“Fresh Trout…
…caught yesterday! Do you want some?” Just the kind of text I like to see come in around bedtime. The next afternoon, I’ll plan on swinging by the grocery store to pick up fresh herbs and a head of lettuce. Next stop is my friend TR’s house, to receive the fish, fresh-caught by her angler cousin, who I’ve never met, but have enjoyed his catch three times already this spring. That’s how I’ve learned that fresh-caught fish is easy to cook. I use my meat thermometer carefully, but there’s a wide margin for error for the silky, succulent trout. I always serve it with a hearty salad and subtly sweet Coconut Rice, which is a perfect complement to the delicate flavors.

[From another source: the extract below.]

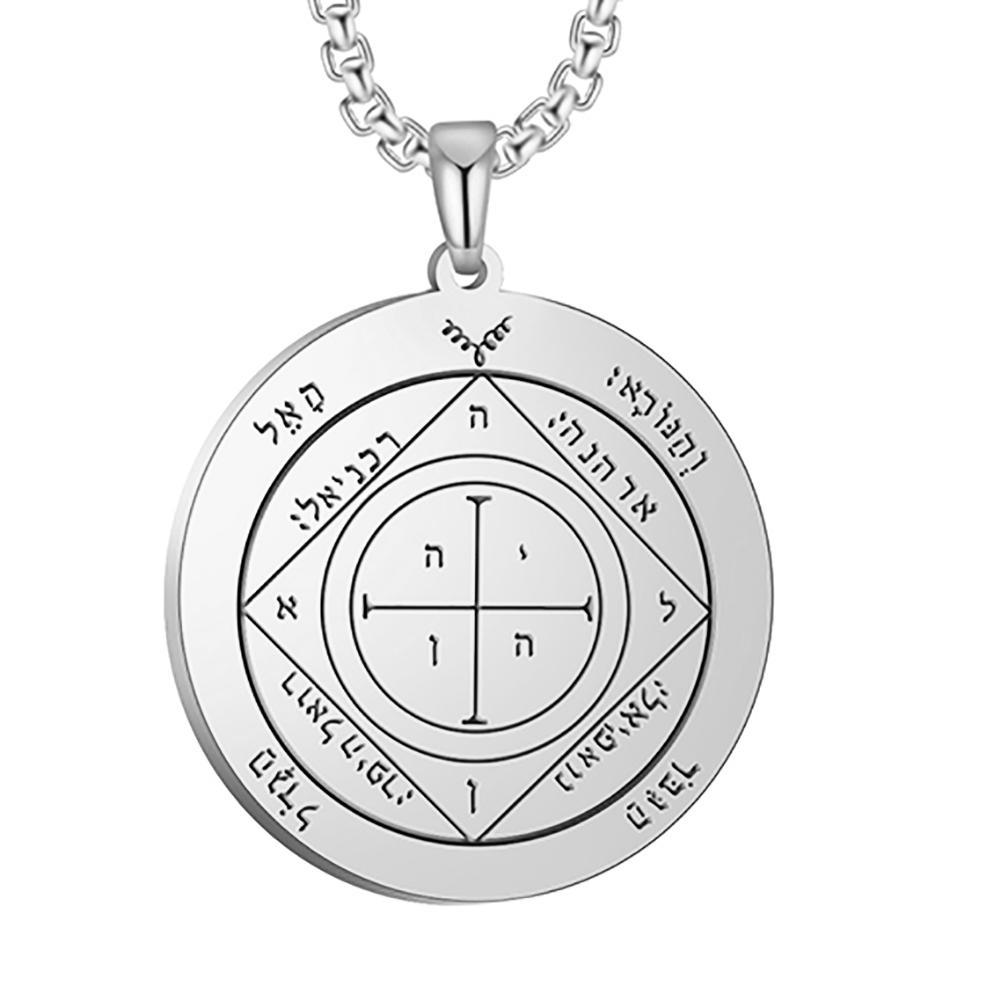 Dawapara Pentacle of Saturn Jupiter Pendant Necklaces Men/Women Stainless Steel Jewelry Protection Amulet Key of Solomon Seal Steel color
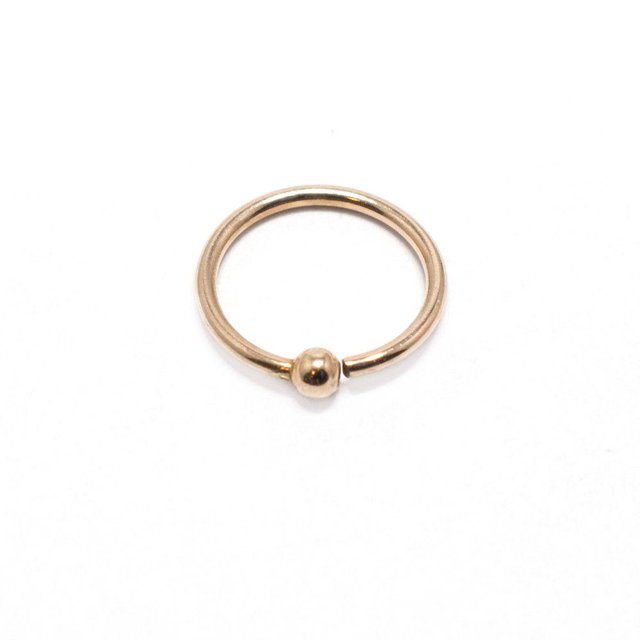 14K Solid Rose Gold Nose Ring Hoop Captive Bead Ring Single Sided 20G Cartilage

Adapted from The Best of America’s Test Kitchen
- 3-4 medium whole trout, gutted, rinsed and patted dry
- 2 tsp minced fresh herbs: marjoram, oregano, or thyme
- 1 tsp grated lemon zest; cut the lemon into wedges for serving
- Kosher salt
- Fresh-ground pepper
- 2 Tbsp mayonnaise
- ½ tsp honey
Preheat oven to 425, with griddle pan or heavy baking sheet on middle rack. Combine herbs, zest, 2 tsp salt, and plenty of pepper in a small bowl. Open up each trout and sprinkle mixture evenly over the inside surface. Close up the fish and let stand 10 minutes. Stir mayo and honey together; brush over entire exterior of each fish. Place fish on griddle pan, leaving space in between. Bake for 7-10 minutes, flipping once, until temp in thickest part is 135-145. (Remove smaller fish to a plate as they are done.) Cut off fish heads and divide larger trout into portions if desired. Serve with lemon wedges and sides of rice and salad.